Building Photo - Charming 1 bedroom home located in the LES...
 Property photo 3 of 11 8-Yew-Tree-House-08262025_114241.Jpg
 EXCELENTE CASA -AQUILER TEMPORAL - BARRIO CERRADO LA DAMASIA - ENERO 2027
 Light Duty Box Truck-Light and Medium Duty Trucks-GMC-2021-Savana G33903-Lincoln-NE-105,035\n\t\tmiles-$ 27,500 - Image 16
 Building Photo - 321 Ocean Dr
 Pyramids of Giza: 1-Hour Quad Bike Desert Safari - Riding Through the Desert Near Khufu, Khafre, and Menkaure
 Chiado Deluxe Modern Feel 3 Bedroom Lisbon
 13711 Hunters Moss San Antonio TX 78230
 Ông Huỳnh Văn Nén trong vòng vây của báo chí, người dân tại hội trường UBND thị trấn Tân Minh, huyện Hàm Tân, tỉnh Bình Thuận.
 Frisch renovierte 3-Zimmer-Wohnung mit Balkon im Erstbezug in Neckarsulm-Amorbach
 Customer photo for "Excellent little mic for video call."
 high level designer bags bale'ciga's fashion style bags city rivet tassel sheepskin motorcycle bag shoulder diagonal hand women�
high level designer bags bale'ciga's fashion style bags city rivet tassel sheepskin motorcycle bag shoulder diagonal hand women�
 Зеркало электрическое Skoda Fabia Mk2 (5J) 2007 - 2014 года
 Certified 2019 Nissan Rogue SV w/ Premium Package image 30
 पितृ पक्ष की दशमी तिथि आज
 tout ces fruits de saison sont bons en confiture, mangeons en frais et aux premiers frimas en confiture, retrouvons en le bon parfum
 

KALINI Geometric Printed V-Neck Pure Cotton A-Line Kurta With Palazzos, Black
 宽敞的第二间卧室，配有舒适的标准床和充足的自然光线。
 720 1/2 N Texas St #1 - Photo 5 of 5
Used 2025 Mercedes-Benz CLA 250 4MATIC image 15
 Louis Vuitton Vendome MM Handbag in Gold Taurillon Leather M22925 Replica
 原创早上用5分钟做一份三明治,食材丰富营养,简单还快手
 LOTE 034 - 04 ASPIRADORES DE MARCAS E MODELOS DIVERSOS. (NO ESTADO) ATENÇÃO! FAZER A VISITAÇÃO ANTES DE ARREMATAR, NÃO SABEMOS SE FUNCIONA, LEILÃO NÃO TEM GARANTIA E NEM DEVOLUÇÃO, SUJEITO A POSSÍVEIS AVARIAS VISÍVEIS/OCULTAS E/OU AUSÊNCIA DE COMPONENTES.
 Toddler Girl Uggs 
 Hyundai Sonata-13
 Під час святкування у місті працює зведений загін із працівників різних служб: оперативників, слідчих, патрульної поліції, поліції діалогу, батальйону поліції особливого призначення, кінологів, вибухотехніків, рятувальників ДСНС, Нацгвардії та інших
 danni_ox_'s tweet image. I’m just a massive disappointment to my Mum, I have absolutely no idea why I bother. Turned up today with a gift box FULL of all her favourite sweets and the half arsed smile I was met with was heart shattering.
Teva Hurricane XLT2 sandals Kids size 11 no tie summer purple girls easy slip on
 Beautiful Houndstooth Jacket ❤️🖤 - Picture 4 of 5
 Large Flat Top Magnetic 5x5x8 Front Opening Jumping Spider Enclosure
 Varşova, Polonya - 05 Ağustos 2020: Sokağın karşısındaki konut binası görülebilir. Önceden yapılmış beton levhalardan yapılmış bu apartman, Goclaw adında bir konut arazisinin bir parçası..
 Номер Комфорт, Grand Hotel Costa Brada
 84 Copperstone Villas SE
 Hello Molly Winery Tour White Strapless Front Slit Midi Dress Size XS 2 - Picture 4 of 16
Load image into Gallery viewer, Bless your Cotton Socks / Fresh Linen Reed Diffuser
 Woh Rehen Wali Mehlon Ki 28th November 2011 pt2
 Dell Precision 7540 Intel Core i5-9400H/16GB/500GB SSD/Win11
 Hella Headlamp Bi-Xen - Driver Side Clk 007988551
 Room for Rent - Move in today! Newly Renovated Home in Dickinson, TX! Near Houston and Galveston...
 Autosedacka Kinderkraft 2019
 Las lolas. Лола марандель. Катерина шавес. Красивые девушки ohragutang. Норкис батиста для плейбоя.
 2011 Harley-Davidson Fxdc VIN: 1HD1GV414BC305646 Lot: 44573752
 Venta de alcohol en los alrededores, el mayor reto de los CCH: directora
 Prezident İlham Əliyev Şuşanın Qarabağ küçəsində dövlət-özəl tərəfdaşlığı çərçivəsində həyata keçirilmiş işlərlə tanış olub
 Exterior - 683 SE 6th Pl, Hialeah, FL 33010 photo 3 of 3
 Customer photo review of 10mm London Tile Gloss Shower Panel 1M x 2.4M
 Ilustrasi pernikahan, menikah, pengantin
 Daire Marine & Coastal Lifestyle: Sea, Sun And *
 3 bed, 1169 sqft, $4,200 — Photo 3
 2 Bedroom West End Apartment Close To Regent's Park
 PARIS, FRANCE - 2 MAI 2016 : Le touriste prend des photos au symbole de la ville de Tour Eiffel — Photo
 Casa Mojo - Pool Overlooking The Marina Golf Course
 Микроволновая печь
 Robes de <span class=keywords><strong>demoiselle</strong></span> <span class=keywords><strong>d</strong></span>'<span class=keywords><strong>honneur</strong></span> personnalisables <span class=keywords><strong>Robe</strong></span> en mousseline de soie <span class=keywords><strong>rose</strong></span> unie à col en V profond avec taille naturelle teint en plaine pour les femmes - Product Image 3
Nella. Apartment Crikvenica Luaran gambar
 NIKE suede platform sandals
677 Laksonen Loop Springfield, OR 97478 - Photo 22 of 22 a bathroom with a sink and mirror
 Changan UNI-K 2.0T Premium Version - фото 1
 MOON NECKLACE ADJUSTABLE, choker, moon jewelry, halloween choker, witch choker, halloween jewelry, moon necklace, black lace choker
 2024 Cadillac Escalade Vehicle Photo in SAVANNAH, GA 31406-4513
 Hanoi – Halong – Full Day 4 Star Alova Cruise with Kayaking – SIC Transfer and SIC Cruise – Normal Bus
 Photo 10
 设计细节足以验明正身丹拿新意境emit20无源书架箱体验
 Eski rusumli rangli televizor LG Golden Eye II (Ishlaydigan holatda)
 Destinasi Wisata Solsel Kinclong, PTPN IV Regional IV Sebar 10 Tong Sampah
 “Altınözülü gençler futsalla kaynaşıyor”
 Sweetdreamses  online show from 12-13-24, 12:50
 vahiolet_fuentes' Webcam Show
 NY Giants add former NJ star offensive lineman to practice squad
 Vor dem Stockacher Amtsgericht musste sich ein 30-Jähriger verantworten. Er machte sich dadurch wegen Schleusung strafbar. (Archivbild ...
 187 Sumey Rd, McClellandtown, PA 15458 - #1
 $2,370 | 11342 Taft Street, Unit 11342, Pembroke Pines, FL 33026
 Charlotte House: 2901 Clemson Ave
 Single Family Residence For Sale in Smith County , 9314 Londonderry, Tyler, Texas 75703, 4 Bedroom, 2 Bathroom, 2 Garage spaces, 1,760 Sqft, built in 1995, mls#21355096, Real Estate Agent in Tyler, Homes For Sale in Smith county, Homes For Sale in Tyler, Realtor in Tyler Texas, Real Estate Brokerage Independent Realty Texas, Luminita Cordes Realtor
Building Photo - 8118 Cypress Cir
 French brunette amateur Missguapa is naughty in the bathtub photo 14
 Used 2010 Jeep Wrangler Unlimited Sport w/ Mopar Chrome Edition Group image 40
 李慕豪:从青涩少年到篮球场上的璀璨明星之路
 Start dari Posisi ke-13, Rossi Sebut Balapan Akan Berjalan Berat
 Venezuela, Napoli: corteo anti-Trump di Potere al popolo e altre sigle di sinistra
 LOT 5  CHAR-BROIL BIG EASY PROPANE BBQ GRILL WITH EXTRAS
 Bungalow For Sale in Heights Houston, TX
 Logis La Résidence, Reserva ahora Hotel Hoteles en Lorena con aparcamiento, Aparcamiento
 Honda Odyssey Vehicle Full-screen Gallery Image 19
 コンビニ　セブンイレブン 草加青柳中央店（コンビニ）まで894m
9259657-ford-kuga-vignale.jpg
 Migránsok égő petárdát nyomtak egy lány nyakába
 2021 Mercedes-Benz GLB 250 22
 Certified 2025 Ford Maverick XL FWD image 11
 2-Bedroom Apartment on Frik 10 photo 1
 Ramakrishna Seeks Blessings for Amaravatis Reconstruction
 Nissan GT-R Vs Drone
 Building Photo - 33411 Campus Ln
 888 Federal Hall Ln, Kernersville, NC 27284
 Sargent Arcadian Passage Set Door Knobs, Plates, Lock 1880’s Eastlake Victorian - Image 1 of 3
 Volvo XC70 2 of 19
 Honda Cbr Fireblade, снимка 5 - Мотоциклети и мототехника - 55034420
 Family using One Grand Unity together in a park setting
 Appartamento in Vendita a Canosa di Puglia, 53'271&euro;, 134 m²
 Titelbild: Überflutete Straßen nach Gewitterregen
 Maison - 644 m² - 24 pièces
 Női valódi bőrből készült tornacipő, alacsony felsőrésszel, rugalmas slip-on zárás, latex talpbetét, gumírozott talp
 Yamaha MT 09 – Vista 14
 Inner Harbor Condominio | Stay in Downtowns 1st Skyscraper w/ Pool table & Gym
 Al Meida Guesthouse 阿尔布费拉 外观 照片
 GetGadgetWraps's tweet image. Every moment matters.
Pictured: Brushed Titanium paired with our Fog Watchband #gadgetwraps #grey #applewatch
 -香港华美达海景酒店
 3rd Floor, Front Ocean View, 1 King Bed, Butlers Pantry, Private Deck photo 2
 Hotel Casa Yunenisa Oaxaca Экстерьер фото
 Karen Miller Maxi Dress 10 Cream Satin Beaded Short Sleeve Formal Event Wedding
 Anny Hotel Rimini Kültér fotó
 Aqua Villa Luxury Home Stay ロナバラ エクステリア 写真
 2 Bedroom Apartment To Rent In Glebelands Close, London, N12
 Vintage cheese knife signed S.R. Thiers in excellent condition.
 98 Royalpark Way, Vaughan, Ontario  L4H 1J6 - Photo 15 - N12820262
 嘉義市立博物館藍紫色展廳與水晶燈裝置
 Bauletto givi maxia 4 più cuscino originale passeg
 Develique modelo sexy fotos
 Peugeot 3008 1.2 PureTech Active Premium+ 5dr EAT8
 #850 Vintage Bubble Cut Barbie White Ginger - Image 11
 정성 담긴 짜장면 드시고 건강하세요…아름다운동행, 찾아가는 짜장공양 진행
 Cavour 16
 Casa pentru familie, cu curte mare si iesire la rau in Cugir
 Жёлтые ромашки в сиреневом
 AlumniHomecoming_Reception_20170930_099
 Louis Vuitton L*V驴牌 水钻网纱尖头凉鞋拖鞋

+ + + + +

Exact duplication is required for the lines above, from the line that contains "PARIS, FRANCE - 2" to the line that contains "Eski rusumli rangli", inclusive; omit all others.

 PARIS, FRANCE - 2 MAI 2016 : Le touriste prend des photos au symbole de la ville de Tour Eiffel — Photo
 Casa Mojo - Pool Overlooking The Marina Golf Course
 Микроволновая печь
 Robes de <span class=keywords><strong>demoiselle</strong></span> <span class=keywords><strong>d</strong></span>'<span class=keywords><strong>honneur</strong></span> personnalisables <span class=keywords><strong>Robe</strong></span> en mousseline de soie <span class=keywords><strong>rose</strong></span> unie à col en V profond avec taille naturelle teint en plaine pour les femmes - Product Image 3
Nella. Apartment Crikvenica Luaran gambar
 NIKE suede platform sandals
677 Laksonen Loop Springfield, OR 97478 - Photo 22 of 22 a bathroom with a sink and mirror
 Changan UNI-K 2.0T Premium Version - фото 1
 MOON NECKLACE ADJUSTABLE, choker, moon jewelry, halloween choker, witch choker, halloween jewelry, moon necklace, black lace choker
 2024 Cadillac Escalade Vehicle Photo in SAVANNAH, GA 31406-4513
 Hanoi – Halong – Full Day 4 Star Alova Cruise with Kayaking – SIC Transfer and SIC Cruise – Normal Bus
 Photo 10
 设计细节足以验明正身丹拿新意境emit20无源书架箱体验
 Eski rusumli rangli televizor LG Golden Eye II (Ishlaydigan holatda)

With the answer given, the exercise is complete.